Is Unifi AP long-distance the answer? I will find out and post the results here once I have tried it out.
UPDATE: YES – BUY THESE. THEY ARE AWESOME (and why not a 3 pack!). They have guest Wifi (with ability to join a VLAN) and normal modes. They are easy to configure – real easy. See my next article to know how to use them with a pfSense router with a VLAN for a guest network.
[UPDATE Fall 2015: Important anti-frustration tips at bottom of my other article … I have installed 3 customers with these units and STILL love it … just follow those updates’ advise.]

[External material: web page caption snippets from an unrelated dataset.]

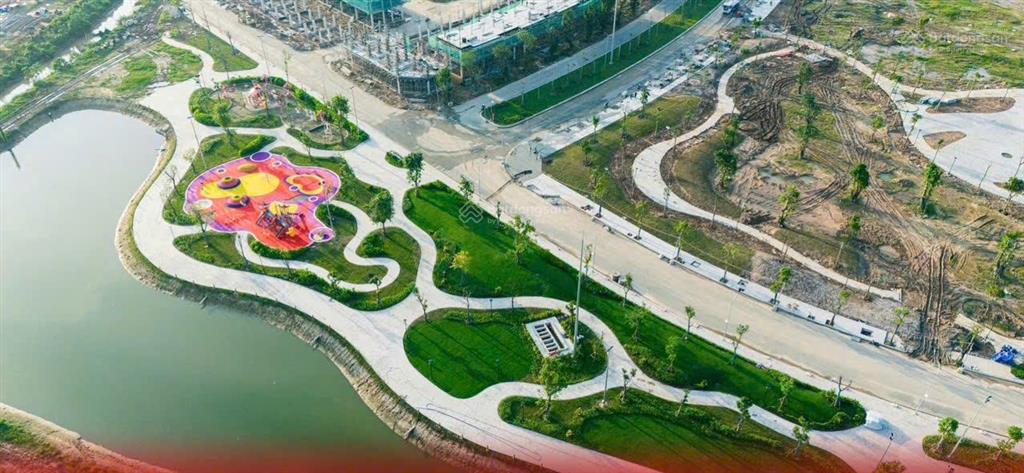 "căn hiếm"liền kề xẻ khe đông nam hừng đông, giá 170tr/m2 chủ cần thu hồi vốn nhanh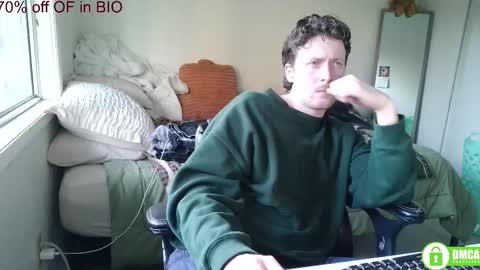 Snapshot of canadianstud18 chatting on 02-15-25, 12:59 Devon online show from 02-15-25, 12:59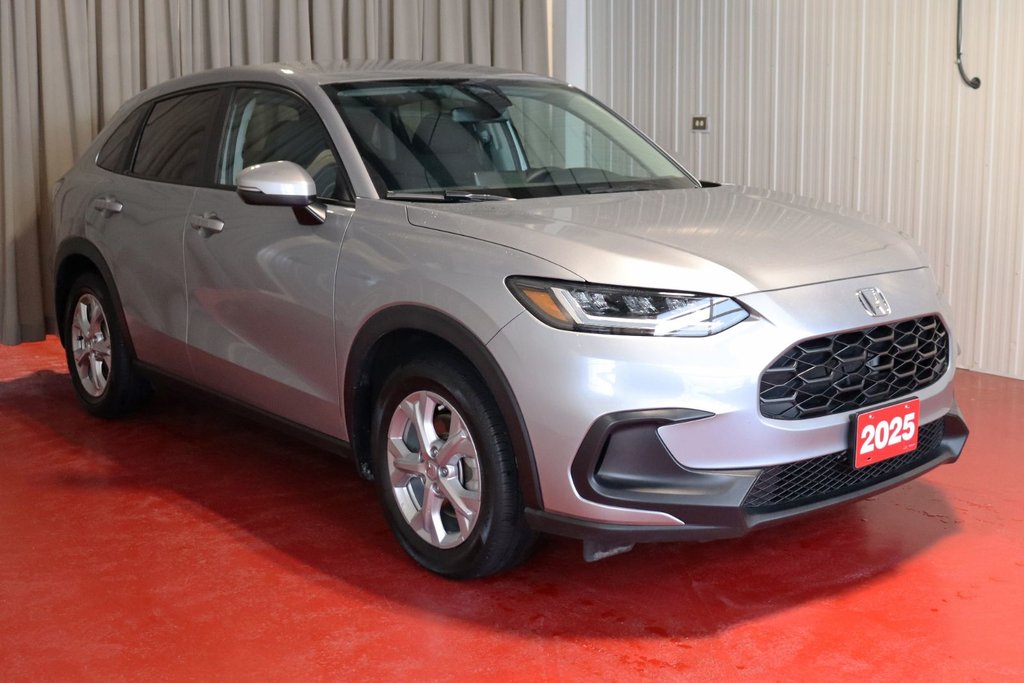2025 Honda HR-V LX FWD in Sault Ste. Marie, Ontario - 3 - w1024h768px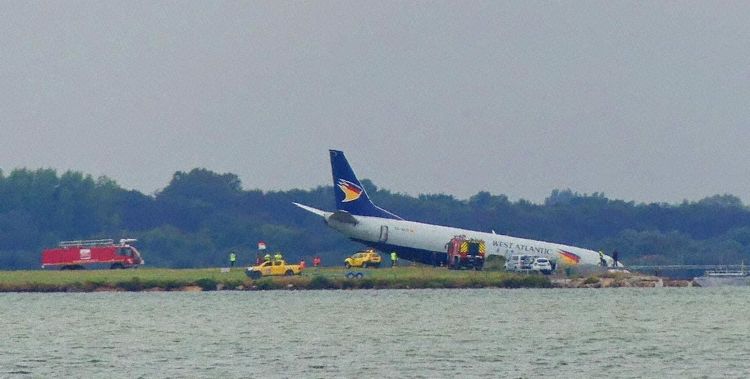 découvrez les détails choquants du crash du boeing 737 de swiftair. analyse des circonstances, des victimes et des conséquences de cet accident tragique qui a marqué l'aviation.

History this far. I have several clients who are in 1970’s re-bar filled buildings where wifi does not penetrate. Wifi extensions like WDP share the bandwidth between clients and each other as a backbone – hence the bandwidth is just not full. One client who is mostly mac computers work fine around the building no matter what philosophy one uses but iOS (iPhone, iPads etc.) do not transfer. Those devices hang on desperately hang on to the wifi signal even if a stronger one with the same or different (I have tried both) SSID is used. If you turn the wifi on and off – it picks up the new strong signal no issue. I have tools that monitor signals, MAC addresses and signal strength.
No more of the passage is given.